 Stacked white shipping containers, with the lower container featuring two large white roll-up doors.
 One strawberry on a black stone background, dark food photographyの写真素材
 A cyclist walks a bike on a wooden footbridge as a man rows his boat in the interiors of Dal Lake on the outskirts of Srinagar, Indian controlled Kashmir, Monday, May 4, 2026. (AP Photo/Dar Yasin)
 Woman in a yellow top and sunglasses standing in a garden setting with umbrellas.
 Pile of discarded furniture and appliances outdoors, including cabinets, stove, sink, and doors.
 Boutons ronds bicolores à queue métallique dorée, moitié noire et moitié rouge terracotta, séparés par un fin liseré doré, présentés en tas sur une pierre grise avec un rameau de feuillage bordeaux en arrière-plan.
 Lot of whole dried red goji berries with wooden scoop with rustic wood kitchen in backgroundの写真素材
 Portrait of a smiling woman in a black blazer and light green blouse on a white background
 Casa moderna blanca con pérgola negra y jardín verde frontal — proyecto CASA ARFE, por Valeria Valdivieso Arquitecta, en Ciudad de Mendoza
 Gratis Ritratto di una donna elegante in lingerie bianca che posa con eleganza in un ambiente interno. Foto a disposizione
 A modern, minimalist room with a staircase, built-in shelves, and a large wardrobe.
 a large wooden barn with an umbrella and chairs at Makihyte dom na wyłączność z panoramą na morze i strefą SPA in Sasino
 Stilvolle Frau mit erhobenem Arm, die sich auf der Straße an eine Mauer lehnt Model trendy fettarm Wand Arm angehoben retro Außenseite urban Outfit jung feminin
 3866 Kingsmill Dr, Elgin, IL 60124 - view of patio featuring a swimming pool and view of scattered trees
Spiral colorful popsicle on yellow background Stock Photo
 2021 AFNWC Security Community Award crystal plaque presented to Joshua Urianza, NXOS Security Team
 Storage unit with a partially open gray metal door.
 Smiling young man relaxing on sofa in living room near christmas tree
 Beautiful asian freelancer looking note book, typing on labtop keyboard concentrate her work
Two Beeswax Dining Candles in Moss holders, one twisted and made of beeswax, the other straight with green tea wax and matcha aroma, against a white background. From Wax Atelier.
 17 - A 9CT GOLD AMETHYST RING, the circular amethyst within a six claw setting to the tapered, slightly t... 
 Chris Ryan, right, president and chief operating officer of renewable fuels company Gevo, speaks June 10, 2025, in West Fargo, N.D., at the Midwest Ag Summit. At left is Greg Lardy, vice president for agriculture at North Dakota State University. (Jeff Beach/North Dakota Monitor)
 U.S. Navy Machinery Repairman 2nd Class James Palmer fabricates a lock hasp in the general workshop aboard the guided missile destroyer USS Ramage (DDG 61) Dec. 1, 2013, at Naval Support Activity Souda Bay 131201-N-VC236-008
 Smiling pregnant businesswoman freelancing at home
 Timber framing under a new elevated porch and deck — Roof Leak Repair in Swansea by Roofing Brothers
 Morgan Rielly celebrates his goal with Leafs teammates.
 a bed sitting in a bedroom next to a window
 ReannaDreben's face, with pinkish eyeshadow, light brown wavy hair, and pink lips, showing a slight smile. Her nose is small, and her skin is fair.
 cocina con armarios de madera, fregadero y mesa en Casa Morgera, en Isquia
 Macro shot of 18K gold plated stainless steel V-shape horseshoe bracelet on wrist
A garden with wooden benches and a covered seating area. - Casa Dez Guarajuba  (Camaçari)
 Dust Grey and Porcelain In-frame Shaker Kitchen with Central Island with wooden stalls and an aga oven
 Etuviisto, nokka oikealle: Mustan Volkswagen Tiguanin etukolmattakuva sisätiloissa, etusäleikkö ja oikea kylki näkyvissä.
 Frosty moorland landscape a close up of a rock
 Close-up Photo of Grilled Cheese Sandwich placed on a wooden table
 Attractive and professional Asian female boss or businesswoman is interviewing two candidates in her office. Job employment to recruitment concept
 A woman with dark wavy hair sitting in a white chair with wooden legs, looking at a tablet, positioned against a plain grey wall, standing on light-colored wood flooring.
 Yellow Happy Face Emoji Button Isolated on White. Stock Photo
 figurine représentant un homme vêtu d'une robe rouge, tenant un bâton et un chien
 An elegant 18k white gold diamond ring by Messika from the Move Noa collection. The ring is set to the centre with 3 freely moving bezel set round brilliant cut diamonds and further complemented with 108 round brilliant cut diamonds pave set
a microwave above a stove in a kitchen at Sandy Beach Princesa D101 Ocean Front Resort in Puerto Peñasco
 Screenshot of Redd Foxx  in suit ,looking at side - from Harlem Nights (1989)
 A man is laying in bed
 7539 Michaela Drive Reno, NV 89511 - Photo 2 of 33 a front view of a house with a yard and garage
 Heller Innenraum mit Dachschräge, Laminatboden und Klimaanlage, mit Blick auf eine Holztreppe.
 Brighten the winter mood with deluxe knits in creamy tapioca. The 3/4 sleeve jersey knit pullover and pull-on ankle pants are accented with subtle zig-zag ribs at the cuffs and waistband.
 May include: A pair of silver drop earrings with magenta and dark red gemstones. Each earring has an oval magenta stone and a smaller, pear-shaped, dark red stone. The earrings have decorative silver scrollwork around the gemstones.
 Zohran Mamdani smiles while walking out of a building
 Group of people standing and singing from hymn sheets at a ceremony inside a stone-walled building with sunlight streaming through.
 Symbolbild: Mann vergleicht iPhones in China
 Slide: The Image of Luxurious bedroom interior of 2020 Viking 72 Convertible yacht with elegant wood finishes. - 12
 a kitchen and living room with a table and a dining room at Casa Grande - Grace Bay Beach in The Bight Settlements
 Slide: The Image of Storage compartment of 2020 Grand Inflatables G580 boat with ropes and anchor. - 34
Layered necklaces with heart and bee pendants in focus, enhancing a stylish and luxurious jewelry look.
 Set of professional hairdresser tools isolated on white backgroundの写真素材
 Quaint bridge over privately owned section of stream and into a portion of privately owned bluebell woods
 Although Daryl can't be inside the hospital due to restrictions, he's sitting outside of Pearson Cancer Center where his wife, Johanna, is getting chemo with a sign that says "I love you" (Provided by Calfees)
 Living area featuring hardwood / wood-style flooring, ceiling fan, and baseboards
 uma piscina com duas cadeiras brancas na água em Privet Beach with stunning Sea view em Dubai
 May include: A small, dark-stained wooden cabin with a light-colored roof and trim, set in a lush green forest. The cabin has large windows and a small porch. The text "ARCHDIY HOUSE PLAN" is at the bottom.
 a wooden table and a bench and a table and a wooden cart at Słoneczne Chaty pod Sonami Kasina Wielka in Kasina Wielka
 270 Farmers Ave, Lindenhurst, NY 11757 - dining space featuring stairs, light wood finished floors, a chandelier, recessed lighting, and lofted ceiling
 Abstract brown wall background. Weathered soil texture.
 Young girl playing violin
----
**YOUR OBJECTIVE**
Produce an exact copy of every entry above.

**WRITTEN REPLY**
 Stacked white shipping containers, with the lower container featuring two large white roll-up doors.
 One strawberry on a black stone background, dark food photographyの写真素材
 A cyclist walks a bike on a wooden footbridge as a man rows his boat in the interiors of Dal Lake on the outskirts of Srinagar, Indian controlled Kashmir, Monday, May 4, 2026. (AP Photo/Dar Yasin)
 Woman in a yellow top and sunglasses standing in a garden setting with umbrellas.
 Pile of discarded furniture and appliances outdoors, including cabinets, stove, sink, and doors.
 Boutons ronds bicolores à queue métallique dorée, moitié noire et moitié rouge terracotta, séparés par un fin liseré doré, présentés en tas sur une pierre grise avec un rameau de feuillage bordeaux en arrière-plan.
 Lot of whole dried red goji berries with wooden scoop with rustic wood kitchen in backgroundの写真素材
 Portrait of a smiling woman in a black blazer and light green blouse on a white background
 Casa moderna blanca con pérgola negra y jardín verde frontal — proyecto CASA ARFE, por Valeria Valdivieso Arquitecta, en Ciudad de Mendoza
 Gratis Ritratto di una donna elegante in lingerie bianca che posa con eleganza in un ambiente interno. Foto a disposizione
 A modern, minimalist room with a staircase, built-in shelves, and a large wardrobe.
 a large wooden barn with an umbrella and chairs at Makihyte dom na wyłączność z panoramą na morze i strefą SPA in Sasino
 Stilvolle Frau mit erhobenem Arm, die sich auf der Straße an eine Mauer lehnt Model trendy fettarm Wand Arm angehoben retro Außenseite urban Outfit jung feminin
 3866 Kingsmill Dr, Elgin, IL 60124 - view of patio featuring a swimming pool and view of scattered trees
Spiral colorful popsicle on yellow background Stock Photo
 2021 AFNWC Security Community Award crystal plaque presented to Joshua Urianza, NXOS Security Team
 Storage unit with a partially open gray metal door.
 Smiling young man relaxing on sofa in living room near christmas tree
 Beautiful asian freelancer looking note book, typing on labtop keyboard concentrate her work
Two Beeswax Dining Candles in Moss holders, one twisted and made of beeswax, the other straight with green tea wax and matcha aroma, against a white background. From Wax Atelier.
 17 - A 9CT GOLD AMETHYST RING, the circular amethyst within a six claw setting to the tapered, slightly t... 
 Chris Ryan, right, president and chief operating officer of renewable fuels company Gevo, speaks June 10, 2025, in West Fargo, N.D., at the Midwest Ag Summit. At left is Greg Lardy, vice president for agriculture at North Dakota State University. (Jeff Beach/North Dakota Monitor)
 U.S. Navy Machinery Repairman 2nd Class James Palmer fabricates a lock hasp in the general workshop aboard the guided missile destroyer USS Ramage (DDG 61) Dec. 1, 2013, at Naval Support Activity Souda Bay 131201-N-VC236-008
 Smiling pregnant businesswoman freelancing at home
 Timber framing under a new elevated porch and deck — Roof Leak Repair in Swansea by Roofing Brothers
 Morgan Rielly celebrates his goal with Leafs teammates.
 a bed sitting in a bedroom next to a window
 ReannaDreben's face, with pinkish eyeshadow, light brown wavy hair, and pink lips, showing a slight smile. Her nose is small, and her skin is fair.
 cocina con armarios de madera, fregadero y mesa en Casa Morgera, en Isquia
 Macro shot of 18K gold plated stainless steel V-shape horseshoe bracelet on wrist
A garden with wooden benches and a covered seating area. - Casa Dez Guarajuba  (Camaçari)
 Dust Grey and Porcelain In-frame Shaker Kitchen with Central Island with wooden stalls and an aga oven
 Etuviisto, nokka oikealle: Mustan Volkswagen Tiguanin etukolmattakuva sisätiloissa, etusäleikkö ja oikea kylki näkyvissä.
 Frosty moorland landscape a close up of a rock
 Close-up Photo of Grilled Cheese Sandwich placed on a wooden table
 Attractive and professional Asian female boss or businesswoman is interviewing two candidates in her office. Job employment to recruitment concept
 A woman with dark wavy hair sitting in a white chair with wooden legs, looking at a tablet, positioned against a plain grey wall, standing on light-colored wood flooring.
 Yellow Happy Face Emoji Button Isolated on White. Stock Photo
 figurine représentant un homme vêtu d'une robe rouge, tenant un bâton et un chien
 An elegant 18k white gold diamond ring by Messika from the Move Noa collection. The ring is set to the centre with 3 freely moving bezel set round brilliant cut diamonds and further complemented with 108 round brilliant cut diamonds pave set
a microwave above a stove in a kitchen at Sandy Beach Princesa D101 Ocean Front Resort in Puerto Peñasco
 Screenshot of Redd Foxx  in suit ,looking at side - from Harlem Nights (1989)
 A man is laying in bed
 7539 Michaela Drive Reno, NV 89511 - Photo 2 of 33 a front view of a house with a yard and garage
 Heller Innenraum mit Dachschräge, Laminatboden und Klimaanlage, mit Blick auf eine Holztreppe.
 Brighten the winter mood with deluxe knits in creamy tapioca. The 3/4 sleeve jersey knit pullover and pull-on ankle pants are accented with subtle zig-zag ribs at the cuffs and waistband.
 May include: A pair of silver drop earrings with magenta and dark red gemstones. Each earring has an oval magenta stone and a smaller, pear-shaped, dark red stone. The earrings have decorative silver scrollwork around the gemstones.
 Zohran Mamdani smiles while walking out of a building
 Group of people standing and singing from hymn sheets at a ceremony inside a stone-walled building with sunlight streaming through.
 Symbolbild: Mann vergleicht iPhones in China
 Slide: The Image of Luxurious bedroom interior of 2020 Viking 72 Convertible yacht with elegant wood finishes. - 12
 a kitchen and living room with a table and a dining room at Casa Grande - Grace Bay Beach in The Bight Settlements
 Slide: The Image of Storage compartment of 2020 Grand Inflatables G580 boat with ropes and anchor. - 34
Layered necklaces with heart and bee pendants in focus, enhancing a stylish and luxurious jewelry look.
 Set of professional hairdresser tools isolated on white backgroundの写真素材
 Quaint bridge over privately owned section of stream and into a portion of privately owned bluebell woods
 Although Daryl can't be inside the hospital due to restrictions, he's sitting outside of Pearson Cancer Center where his wife, Johanna, is getting chemo with a sign that says "I love you" (Provided by Calfees)
 Living area featuring hardwood / wood-style flooring, ceiling fan, and baseboards
 uma piscina com duas cadeiras brancas na água em Privet Beach with stunning Sea view em Dubai
 May include: A small, dark-stained wooden cabin with a light-colored roof and trim, set in a lush green forest. The cabin has large windows and a small porch. The text "ARCHDIY HOUSE PLAN" is at the bottom.
 a wooden table and a bench and a table and a wooden cart at Słoneczne Chaty pod Sonami Kasina Wielka in Kasina Wielka
 270 Farmers Ave, Lindenhurst, NY 11757 - dining space featuring stairs, light wood finished floors, a chandelier, recessed lighting, and lofted ceiling
 Abstract brown wall background. Weathered soil texture.
 Young girl playing violin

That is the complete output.